### Task material

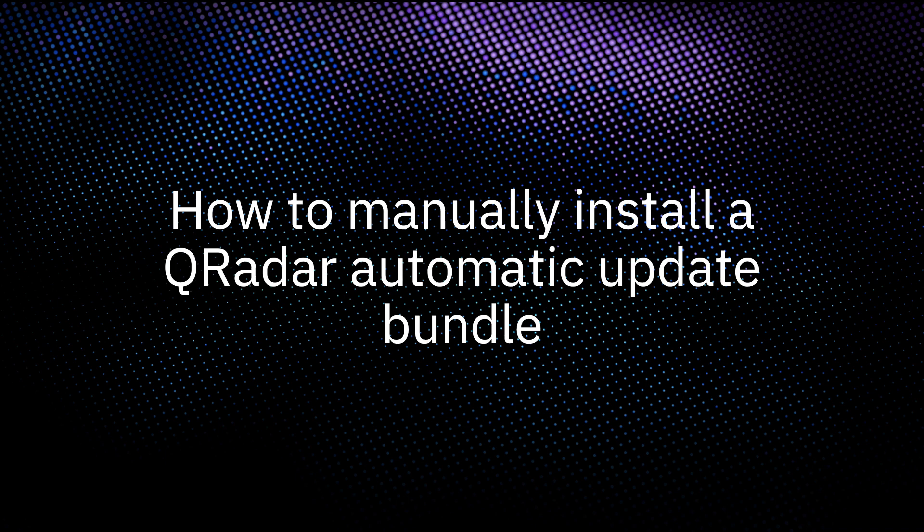Hello, I'm Asher from QRadar Support, and in this video, I will show you how to manually install the QRadar automatic update bundle.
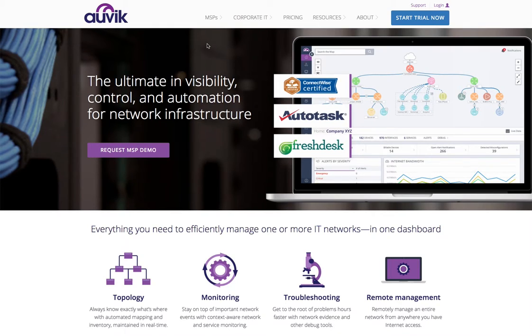Today, we're going to show you how to deploy an Auvik appliance for a new client network that you're looking to monitor with Auvik.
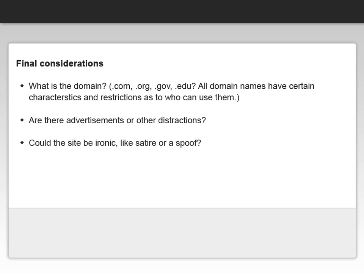There are some final considerations you can look at when determining whether something you found with a general internet search has validity or not. The domain name — whether .com, .org, .gov, or .edu — all have certain characteristics and restrictions as to who can use them, and you might want to check that out. Does the website contain advertisements or other distractions rather than just factual information? And lastly, could the site be ironic, like satire or a spoof? Think about the Pacific Tree Octopus.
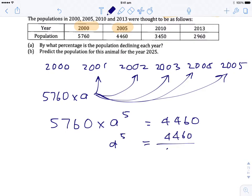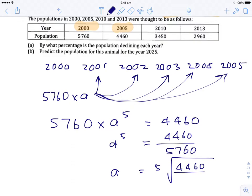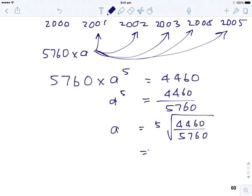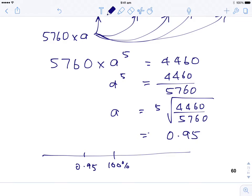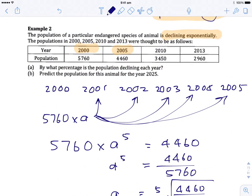So a⁵ = 4460 ÷ 5760. On the calculator we take the fifth root of this value and get approximately 0.95. Recalling the percentage scale: 0.95 represents a 5% decrease — 100% minus 5% is 95%, which is 0.95 as a decimal. So looking at 2000 to 2005, the population appears to be declining by 5% each year.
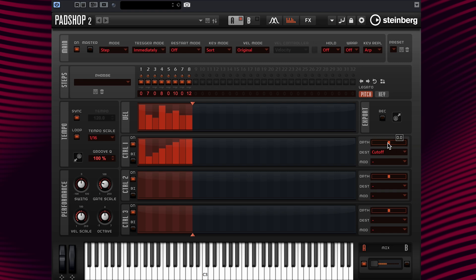I can go to my destination and add cutoff, then change the depth to a value that I like. Let's have a listen. That sounds good.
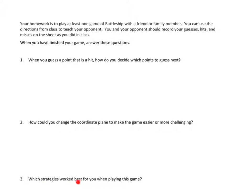And which strategies have worked best for you when playing this game? I've got to think back to all the different times I played Battleship with my brothers, as well as the time that I did that as part of my homework, and think through that question and go ahead and answer that as well.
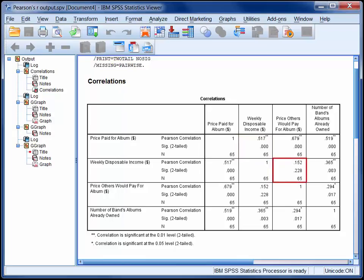By way of contrast, the correlation between price others would pay and weekly disposable income is 0.152 and is non-significant.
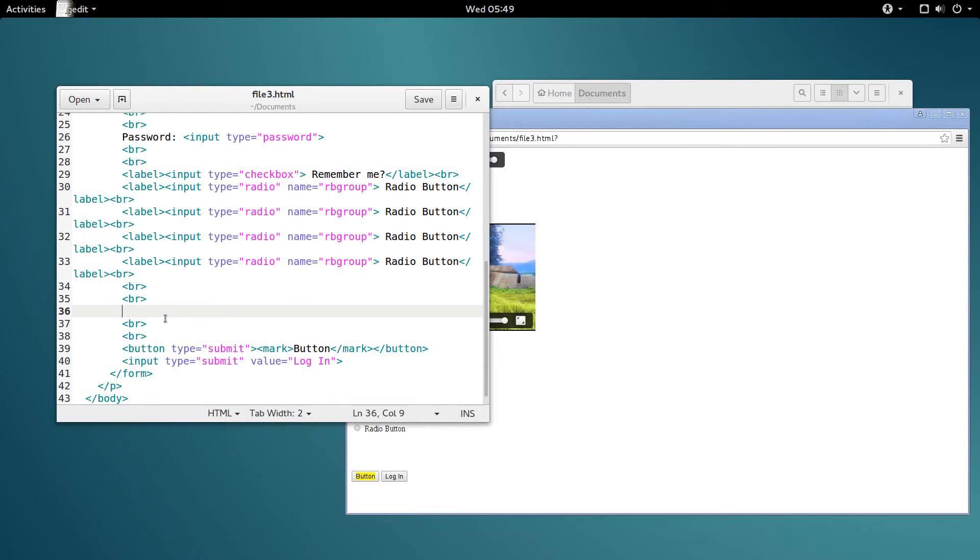Hello everybody, welcome to web development video number 23. In this video we're going to look at how to make a simple drop-down select box in HTML.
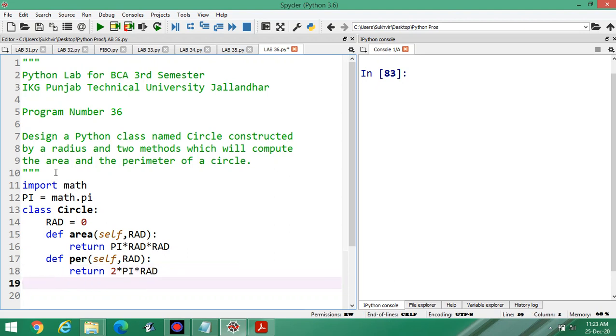This is the basic requirement: constructed by radius and two methods. Two methods are there — first method is area and second method is perimeter.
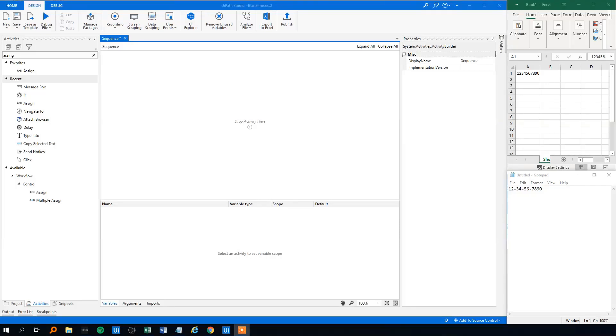Let's see how we can get rid of unwanted characters in UiPath with the help of the .NET commands: replace, trim, trim end, trim start, and remove.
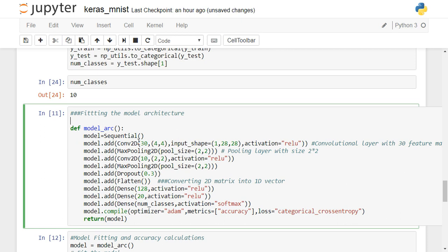Now we define the model architecture, which requires knowledge of convolutional neural networks. We define a function called model_arc using the Sequential model, then add layers step by step using model.add. Starting with a Conv2D layer using 30 feature maps, each with a 4 by 4 filter size. The input shape to this convolution layer is 1 by 28 by 28 — one channel and the 28 by 28 image size — with ReLU activation.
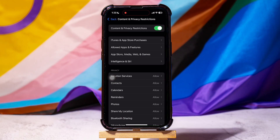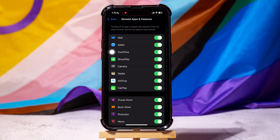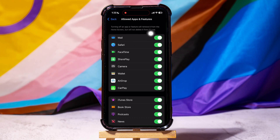Here, you can manage content, apps and settings. Go to Allowed Apps and Features. Over here, turn off the app you want to hide — for example, Mail. Turning off an app or feature will remove it from the home screen but will not delete it.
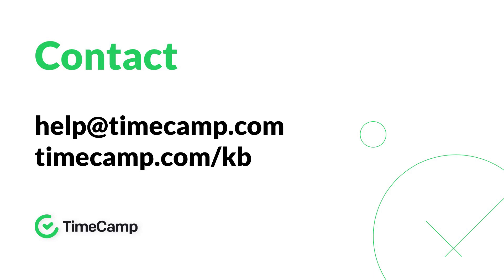For more information, visit our knowledge base, send an email to help at timecamp.com or just chat with our support agents. They're always ready to help. Happy time tracking!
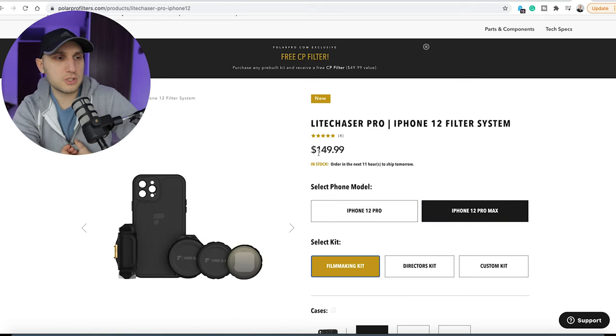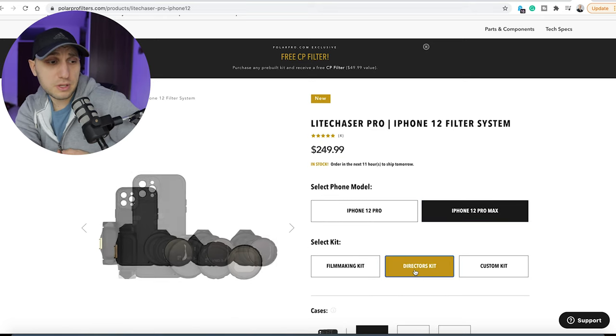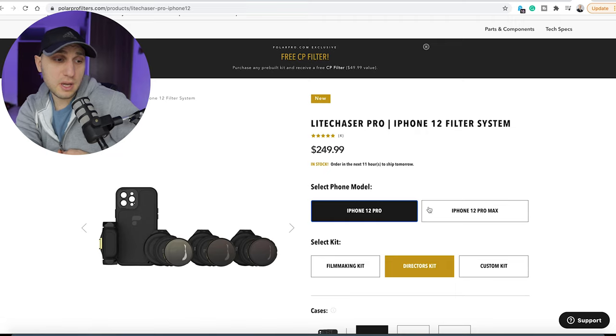Unfortunately the minimum price you're going to pay for that solution is around $120, which is quite pricey. I'm just checking their website — the cheapest solution is $150, and if you want the full kit it costs around $250. As a person who already has a camera and a phone, spending $250 on filters specifically for my phone is becoming really expensive.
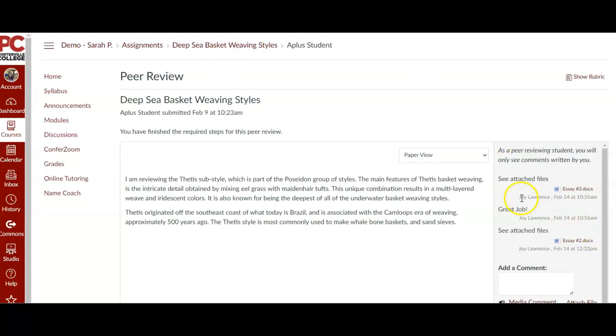And like I said, you can go ahead and type in comments. Just make sure that you cover every category that's on that template. I hope that this helps. If you have any questions, let me know.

### Work to be completed
Return exactly the lines of the material above, starting at the line containing "Here, you can" and finishing at the line containing "For more information, visit", without any pictures.

### Exercise solution
Here, you can manage content, apps and settings. Go to Allowed Apps and Features. Over here, turn off the app you want to hide — for example, Mail. Turning off an app or feature will remove it from the home screen but will not delete it.
For more information, visit our knowledge base, send an email to help at timecamp.com or just chat with our support agents. They're always ready to help. Happy time tracking!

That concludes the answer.